What you will do => Please take the lines from the one holding "1218 Lower Ferry" through the one holding "Family of three" in the data below and copy them exactly.

Supplied data =>
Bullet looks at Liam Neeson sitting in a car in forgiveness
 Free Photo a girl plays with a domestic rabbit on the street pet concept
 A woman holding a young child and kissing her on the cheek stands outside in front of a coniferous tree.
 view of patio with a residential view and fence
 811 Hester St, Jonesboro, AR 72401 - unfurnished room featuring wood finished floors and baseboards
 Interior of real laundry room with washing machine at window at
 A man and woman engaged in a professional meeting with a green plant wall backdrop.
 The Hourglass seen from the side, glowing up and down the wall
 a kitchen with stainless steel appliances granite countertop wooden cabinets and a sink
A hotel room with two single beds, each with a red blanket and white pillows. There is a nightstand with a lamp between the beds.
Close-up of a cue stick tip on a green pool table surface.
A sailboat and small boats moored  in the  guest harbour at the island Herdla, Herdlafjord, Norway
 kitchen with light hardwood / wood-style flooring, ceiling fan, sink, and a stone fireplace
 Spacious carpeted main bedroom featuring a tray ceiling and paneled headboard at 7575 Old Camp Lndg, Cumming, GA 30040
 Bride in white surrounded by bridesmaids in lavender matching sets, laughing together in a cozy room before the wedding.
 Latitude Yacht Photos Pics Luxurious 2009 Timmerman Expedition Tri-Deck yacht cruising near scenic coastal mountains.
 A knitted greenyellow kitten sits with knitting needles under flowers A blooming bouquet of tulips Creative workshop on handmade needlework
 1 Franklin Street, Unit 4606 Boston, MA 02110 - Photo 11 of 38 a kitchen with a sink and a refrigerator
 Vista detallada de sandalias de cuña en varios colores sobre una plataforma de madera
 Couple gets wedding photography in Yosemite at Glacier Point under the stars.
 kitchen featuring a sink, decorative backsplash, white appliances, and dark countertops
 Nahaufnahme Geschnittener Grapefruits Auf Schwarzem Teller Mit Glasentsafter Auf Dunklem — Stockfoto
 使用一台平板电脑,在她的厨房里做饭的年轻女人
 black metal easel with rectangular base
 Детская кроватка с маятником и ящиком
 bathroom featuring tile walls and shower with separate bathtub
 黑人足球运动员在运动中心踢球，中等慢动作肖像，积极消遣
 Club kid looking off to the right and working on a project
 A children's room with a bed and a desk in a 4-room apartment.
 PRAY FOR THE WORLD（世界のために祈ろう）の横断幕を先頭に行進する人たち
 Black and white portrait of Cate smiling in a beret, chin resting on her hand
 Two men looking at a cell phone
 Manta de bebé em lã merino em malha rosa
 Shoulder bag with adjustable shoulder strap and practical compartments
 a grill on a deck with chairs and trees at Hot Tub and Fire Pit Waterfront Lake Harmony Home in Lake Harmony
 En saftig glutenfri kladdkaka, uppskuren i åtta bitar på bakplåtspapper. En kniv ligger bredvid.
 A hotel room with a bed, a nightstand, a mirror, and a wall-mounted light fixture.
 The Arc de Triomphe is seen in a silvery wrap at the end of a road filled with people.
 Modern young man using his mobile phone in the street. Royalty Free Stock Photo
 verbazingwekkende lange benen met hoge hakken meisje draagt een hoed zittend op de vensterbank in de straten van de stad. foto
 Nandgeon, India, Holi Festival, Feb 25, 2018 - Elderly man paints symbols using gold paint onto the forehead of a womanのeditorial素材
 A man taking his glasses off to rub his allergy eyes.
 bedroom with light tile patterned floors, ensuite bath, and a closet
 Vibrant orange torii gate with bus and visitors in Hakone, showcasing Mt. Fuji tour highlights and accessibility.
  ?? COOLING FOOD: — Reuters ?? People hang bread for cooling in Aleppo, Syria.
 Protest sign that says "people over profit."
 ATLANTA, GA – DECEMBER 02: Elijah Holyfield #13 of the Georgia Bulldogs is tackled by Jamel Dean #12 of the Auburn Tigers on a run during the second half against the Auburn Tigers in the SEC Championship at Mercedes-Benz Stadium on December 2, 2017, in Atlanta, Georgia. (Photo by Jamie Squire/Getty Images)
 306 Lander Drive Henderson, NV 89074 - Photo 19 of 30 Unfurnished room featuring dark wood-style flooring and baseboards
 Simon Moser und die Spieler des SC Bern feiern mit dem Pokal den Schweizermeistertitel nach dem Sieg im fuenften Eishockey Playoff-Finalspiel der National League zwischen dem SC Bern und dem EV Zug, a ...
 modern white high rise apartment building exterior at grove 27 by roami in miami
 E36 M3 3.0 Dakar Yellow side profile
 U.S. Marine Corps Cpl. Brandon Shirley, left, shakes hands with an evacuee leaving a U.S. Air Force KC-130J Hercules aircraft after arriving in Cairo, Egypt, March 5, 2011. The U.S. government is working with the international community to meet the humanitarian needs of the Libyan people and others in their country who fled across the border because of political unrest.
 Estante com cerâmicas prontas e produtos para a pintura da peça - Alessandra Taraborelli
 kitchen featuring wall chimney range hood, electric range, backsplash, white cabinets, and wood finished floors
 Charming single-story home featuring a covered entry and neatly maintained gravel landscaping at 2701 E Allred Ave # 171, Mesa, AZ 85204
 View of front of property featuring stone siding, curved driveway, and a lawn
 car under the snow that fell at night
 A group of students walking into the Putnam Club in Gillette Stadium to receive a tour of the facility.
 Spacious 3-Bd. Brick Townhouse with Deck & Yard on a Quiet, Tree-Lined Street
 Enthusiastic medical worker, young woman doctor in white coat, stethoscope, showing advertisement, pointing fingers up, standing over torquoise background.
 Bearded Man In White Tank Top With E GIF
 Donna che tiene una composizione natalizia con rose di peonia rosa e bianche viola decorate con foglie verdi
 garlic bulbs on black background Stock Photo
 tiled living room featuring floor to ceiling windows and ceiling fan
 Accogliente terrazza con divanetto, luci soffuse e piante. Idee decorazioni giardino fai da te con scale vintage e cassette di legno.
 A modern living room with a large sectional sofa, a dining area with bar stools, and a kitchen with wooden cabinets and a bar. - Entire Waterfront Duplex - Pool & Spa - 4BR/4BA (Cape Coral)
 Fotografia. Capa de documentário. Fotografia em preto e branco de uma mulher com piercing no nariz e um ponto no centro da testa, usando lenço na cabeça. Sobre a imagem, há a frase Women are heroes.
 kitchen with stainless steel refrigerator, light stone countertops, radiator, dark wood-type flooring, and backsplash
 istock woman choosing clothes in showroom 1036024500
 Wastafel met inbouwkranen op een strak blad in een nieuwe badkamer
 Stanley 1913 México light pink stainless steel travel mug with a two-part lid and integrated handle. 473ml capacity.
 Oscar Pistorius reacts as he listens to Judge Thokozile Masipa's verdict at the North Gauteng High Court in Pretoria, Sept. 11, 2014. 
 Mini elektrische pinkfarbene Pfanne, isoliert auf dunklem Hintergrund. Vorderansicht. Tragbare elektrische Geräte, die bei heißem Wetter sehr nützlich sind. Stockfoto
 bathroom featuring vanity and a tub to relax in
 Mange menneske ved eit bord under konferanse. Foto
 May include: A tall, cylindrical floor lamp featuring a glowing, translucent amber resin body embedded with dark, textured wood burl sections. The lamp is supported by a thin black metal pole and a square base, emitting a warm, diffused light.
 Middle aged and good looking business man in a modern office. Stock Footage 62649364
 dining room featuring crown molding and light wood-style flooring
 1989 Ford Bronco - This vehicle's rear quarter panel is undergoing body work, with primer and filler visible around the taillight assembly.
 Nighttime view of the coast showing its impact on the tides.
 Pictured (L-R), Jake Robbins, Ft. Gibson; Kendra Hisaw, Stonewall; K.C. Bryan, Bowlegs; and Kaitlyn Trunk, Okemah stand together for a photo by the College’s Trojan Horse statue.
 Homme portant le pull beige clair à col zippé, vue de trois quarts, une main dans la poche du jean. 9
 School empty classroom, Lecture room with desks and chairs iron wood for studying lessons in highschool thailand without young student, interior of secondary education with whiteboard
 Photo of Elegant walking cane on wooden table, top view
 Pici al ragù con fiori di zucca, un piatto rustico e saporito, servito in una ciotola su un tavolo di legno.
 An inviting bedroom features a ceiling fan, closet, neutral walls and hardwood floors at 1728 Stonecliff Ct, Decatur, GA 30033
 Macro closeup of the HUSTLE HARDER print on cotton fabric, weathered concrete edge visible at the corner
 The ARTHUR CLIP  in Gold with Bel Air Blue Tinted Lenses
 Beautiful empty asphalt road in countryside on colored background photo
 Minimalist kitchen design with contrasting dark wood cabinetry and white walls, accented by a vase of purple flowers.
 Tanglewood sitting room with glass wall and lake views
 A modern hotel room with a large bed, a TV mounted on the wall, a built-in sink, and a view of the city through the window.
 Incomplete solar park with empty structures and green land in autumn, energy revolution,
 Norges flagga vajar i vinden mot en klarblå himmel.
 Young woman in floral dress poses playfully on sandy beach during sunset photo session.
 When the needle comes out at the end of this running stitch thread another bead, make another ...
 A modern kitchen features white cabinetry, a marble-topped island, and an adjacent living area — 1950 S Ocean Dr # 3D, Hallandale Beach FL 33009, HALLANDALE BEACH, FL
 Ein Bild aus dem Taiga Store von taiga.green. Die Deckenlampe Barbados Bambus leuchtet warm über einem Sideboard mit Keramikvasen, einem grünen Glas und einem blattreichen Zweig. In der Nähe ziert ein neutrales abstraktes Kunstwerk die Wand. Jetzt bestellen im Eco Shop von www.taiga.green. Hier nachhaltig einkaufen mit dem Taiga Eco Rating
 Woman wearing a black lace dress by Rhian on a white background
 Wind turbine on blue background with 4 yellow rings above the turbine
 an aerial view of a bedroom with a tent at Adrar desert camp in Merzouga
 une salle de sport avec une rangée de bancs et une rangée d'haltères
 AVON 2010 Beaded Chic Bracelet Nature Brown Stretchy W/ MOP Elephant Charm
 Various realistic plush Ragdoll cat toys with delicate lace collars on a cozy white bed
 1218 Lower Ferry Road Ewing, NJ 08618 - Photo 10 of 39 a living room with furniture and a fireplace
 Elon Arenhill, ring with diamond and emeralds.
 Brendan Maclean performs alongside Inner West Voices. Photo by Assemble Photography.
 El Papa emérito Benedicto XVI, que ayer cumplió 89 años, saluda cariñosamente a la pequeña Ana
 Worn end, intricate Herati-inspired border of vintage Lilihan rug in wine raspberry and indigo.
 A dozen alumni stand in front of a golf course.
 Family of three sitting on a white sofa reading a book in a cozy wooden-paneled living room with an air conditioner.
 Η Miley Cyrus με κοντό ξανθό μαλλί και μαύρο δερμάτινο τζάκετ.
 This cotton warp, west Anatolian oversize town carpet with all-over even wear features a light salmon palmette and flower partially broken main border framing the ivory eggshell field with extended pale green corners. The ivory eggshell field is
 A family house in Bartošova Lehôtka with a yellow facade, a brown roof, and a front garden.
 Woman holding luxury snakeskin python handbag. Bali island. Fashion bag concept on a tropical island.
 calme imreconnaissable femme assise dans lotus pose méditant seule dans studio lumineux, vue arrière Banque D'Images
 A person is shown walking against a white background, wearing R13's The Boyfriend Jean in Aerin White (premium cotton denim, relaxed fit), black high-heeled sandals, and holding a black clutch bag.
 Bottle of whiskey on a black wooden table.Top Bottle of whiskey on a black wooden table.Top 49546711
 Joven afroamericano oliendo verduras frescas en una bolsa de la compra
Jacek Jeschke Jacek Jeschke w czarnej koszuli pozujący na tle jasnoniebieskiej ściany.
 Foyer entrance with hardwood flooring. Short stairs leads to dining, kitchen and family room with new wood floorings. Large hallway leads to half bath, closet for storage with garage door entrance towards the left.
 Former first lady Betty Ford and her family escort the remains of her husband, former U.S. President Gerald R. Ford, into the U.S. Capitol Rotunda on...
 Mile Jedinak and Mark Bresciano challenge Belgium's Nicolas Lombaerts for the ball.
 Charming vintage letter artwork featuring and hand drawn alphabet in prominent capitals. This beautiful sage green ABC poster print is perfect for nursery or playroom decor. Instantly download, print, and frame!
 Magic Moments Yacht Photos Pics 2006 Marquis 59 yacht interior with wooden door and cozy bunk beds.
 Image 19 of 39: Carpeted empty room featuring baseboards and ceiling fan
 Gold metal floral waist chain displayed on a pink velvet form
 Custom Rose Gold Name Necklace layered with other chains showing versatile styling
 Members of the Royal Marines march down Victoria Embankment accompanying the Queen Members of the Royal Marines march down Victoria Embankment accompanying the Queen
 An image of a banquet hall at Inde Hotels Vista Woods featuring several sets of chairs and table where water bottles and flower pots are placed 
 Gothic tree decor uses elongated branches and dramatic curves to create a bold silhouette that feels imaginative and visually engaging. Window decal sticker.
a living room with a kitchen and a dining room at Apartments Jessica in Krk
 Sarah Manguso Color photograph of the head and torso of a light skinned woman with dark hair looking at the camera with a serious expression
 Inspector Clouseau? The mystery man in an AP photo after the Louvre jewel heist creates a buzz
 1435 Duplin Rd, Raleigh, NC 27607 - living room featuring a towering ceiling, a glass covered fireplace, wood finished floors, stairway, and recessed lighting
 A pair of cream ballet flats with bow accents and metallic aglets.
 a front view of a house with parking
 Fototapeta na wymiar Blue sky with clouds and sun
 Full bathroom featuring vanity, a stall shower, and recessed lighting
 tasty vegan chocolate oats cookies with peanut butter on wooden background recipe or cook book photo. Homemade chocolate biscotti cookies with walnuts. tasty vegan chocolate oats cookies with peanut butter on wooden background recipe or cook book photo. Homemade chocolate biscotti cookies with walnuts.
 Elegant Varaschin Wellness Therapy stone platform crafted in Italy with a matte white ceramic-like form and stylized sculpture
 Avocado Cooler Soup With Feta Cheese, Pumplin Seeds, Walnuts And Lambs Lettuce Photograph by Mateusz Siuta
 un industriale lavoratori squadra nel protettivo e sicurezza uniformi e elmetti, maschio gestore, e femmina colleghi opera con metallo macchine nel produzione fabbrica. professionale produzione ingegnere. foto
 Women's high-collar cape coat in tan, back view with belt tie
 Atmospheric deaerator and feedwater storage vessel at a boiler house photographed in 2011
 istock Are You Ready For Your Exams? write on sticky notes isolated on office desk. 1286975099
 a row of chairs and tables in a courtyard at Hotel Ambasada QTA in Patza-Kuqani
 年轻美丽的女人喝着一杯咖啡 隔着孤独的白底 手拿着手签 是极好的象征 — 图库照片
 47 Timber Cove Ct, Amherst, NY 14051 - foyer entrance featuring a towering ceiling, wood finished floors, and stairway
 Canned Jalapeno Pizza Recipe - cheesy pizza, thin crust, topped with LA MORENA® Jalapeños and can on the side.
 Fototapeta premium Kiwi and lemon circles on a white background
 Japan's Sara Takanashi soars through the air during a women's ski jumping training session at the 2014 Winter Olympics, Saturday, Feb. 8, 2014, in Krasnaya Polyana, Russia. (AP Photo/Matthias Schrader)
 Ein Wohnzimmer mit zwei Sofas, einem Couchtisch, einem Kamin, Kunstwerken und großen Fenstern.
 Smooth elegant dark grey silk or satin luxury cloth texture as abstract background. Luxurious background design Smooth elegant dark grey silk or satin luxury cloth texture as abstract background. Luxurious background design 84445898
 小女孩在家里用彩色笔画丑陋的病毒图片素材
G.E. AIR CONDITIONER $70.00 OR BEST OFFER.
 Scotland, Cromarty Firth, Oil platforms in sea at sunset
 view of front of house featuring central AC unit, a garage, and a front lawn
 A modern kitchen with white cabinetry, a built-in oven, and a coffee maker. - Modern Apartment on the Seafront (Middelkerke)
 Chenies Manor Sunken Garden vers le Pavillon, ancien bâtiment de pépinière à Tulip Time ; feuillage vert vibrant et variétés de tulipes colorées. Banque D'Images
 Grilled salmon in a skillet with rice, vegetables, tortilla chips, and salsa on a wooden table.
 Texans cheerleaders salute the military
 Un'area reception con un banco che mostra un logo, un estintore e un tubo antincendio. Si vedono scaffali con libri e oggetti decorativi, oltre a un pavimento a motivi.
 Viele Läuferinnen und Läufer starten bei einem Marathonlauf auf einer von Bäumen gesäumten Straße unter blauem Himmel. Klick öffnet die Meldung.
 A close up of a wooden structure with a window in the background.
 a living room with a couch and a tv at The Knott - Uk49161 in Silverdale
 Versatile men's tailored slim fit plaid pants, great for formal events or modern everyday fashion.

Output for this exercise =>
 1218 Lower Ferry Road Ewing, NJ 08618 - Photo 10 of 39 a living room with furniture and a fireplace
 Elon Arenhill, ring with diamond and emeralds.
 Brendan Maclean performs alongside Inner West Voices. Photo by Assemble Photography.
 El Papa emérito Benedicto XVI, que ayer cumplió 89 años, saluda cariñosamente a la pequeña Ana
 Worn end, intricate Herati-inspired border of vintage Lilihan rug in wine raspberry and indigo.
 A dozen alumni stand in front of a golf course.
 Family of three sitting on a white sofa reading a book in a cozy wooden-paneled living room with an air conditioner.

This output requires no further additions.